Using JDBC read mode
In a few steps, you configure Apache Spark to connect to HiveServer (HS2). Examples show how to configure JDBC Cluster and JDBC Client modes while launching the Spark shell.
- Accept the default
spark.datasource.hive.warehouse.load.staging.dir
for the temporary staging location required by HWC. - In spark-defaults.conf, check that
spark.hadoop.hive.zookeeper.quorum
is configured. - In spark-defaults.conf, set Kerberos configurations for HWC, or for an unsecured
cluster, set
spark.security.credentials.hiveserver2.enabled
=false
.
Example of JDBC Client Mode
Launch the Spark shell in JDBC client mode.

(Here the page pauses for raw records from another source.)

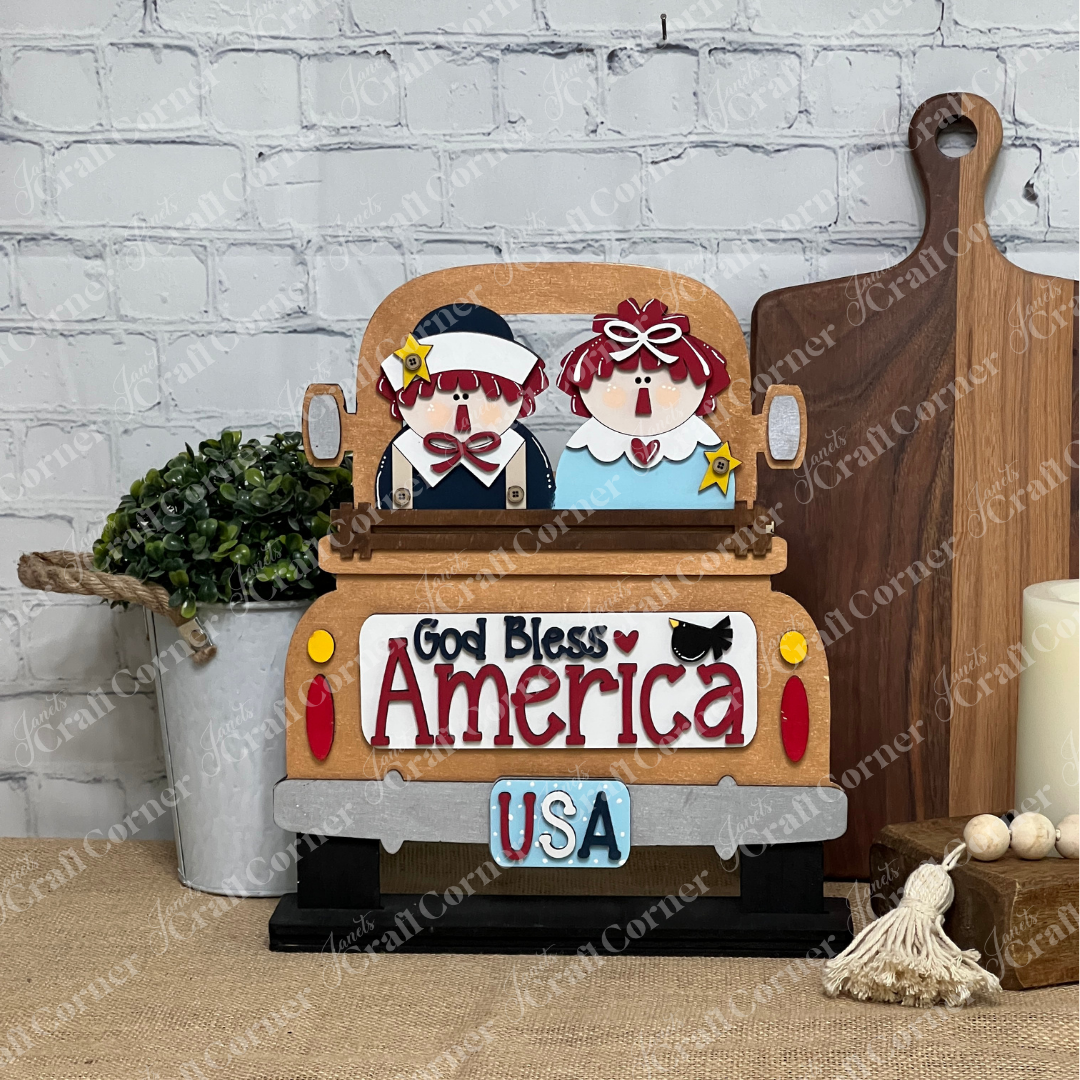 The God Bless America Interchangeable Insert from Janet's Craft Corner is a DIY seasonal decor kit featuring an unfinished wood truck with two dolls and patriotic sayings, perfect for display on a table with greenery and cutting boards.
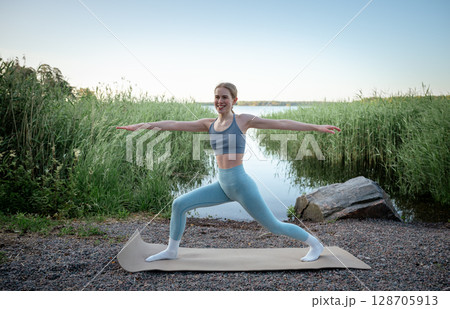Young woman doing yoga exercise outdoors near lake in summer Young woman doing yoga exercise outdoors near lake in summer 128705913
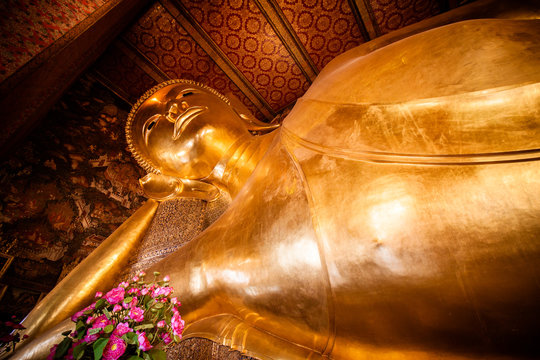 The image of golden reclining Buddha at Wat Pho Temple Thailand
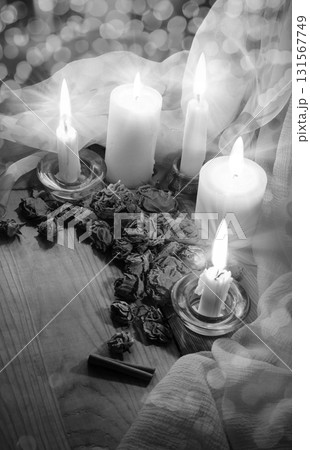 Candles and dried rosebuds on the table 131567749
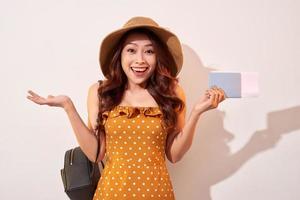 Bild einer aufgeregten brünetten Frau in den 20ern, die einen Strohhut trägt, während sie einen Pass mit Reisetickets hält, die über beigem Hintergrund isoliert sind foto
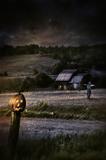 Eerie night scene with Halloween pumpkin on fence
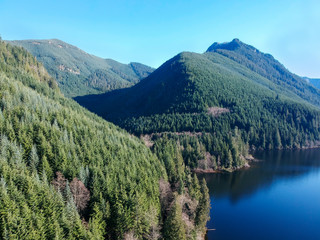 Fototapeta na wymiar Rarely seen beautiful aerial photographs of Calligan Lake in Washington State with green mountainside open vistas clouds blue sky and shoreline on a warm autumn day.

spark-shell --jars ./hive-warehouse-connector-assembly-<version>.jar \
--master yarn \
--conf spark.sql.extensions="com.hortonworks.spark.sql.rule.Extensions" \
--conf spark.kryo.registrator=com.qubole.spark.hiveacid.util.HiveAcidKyroRegistrator \
--conf spark.sql.hive.hiveserver2.jdbc.url="jdbc:hive2://hwc-2.hwc.root.hwx.site:2181/default;principal=hive/_HOST@ROOT.HWX.SITE;retries=5;serviceDiscoveryMode=zooKeeper;zooKeeperNamespace=hiveserver2"
--conf spark.datasource.hive.warehouse.read.mode=JDBC_CLIENT